• **GOAL OF THE EXERCISE**
Every line below from the one containing "Made in the" through the one containing "1046 Tide Ridge Drive Holden Beach NC 28462" must be transcribed exactly. Omit all lines outside that stretch.

• **DATASET EXTRACT**
────────────────────────────────────────
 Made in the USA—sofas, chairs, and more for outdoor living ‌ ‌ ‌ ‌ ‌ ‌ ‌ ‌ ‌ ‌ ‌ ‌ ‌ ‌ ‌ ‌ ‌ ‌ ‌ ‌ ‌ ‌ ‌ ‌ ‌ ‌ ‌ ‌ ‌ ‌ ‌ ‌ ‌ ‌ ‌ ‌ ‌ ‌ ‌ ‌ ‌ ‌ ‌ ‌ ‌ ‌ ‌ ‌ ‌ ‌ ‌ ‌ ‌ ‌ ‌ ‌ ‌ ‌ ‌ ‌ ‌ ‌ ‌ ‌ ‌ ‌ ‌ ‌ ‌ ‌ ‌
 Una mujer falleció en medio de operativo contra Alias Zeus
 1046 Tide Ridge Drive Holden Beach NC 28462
────────────────────────────────────────
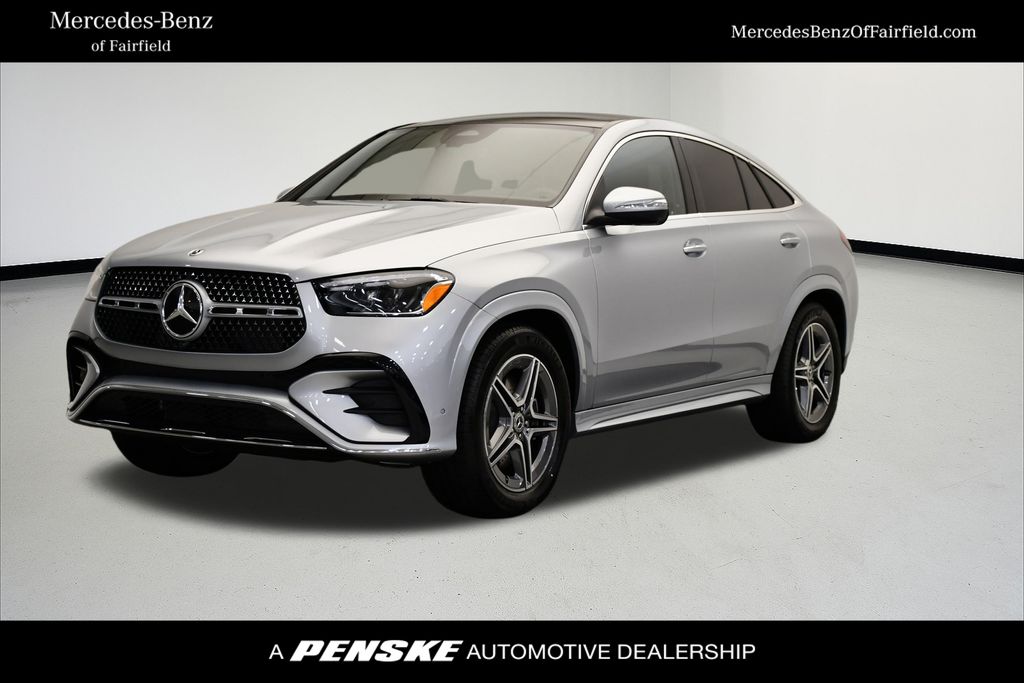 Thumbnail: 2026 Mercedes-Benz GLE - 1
────────────────────────────────────────
• **EXPECTED ANSWER**
 Made in the USA—sofas, chairs, and more for outdoor living ‌ ‌ ‌ ‌ ‌ ‌ ‌ ‌ ‌ ‌ ‌ ‌ ‌ ‌ ‌ ‌ ‌ ‌ ‌ ‌ ‌ ‌ ‌ ‌ ‌ ‌ ‌ ‌ ‌ ‌ ‌ ‌ ‌ ‌ ‌ ‌ ‌ ‌ ‌ ‌ ‌ ‌ ‌ ‌ ‌ ‌ ‌ ‌ ‌ ‌ ‌ ‌ ‌ ‌ ‌ ‌ ‌ ‌ ‌ ‌ ‌ ‌ ‌ ‌ ‌ ‌ ‌ ‌ ‌ ‌ ‌
 Una mujer falleció en medio de operativo contra Alias Zeus
 1046 Tide Ridge Drive Holden Beach NC 28462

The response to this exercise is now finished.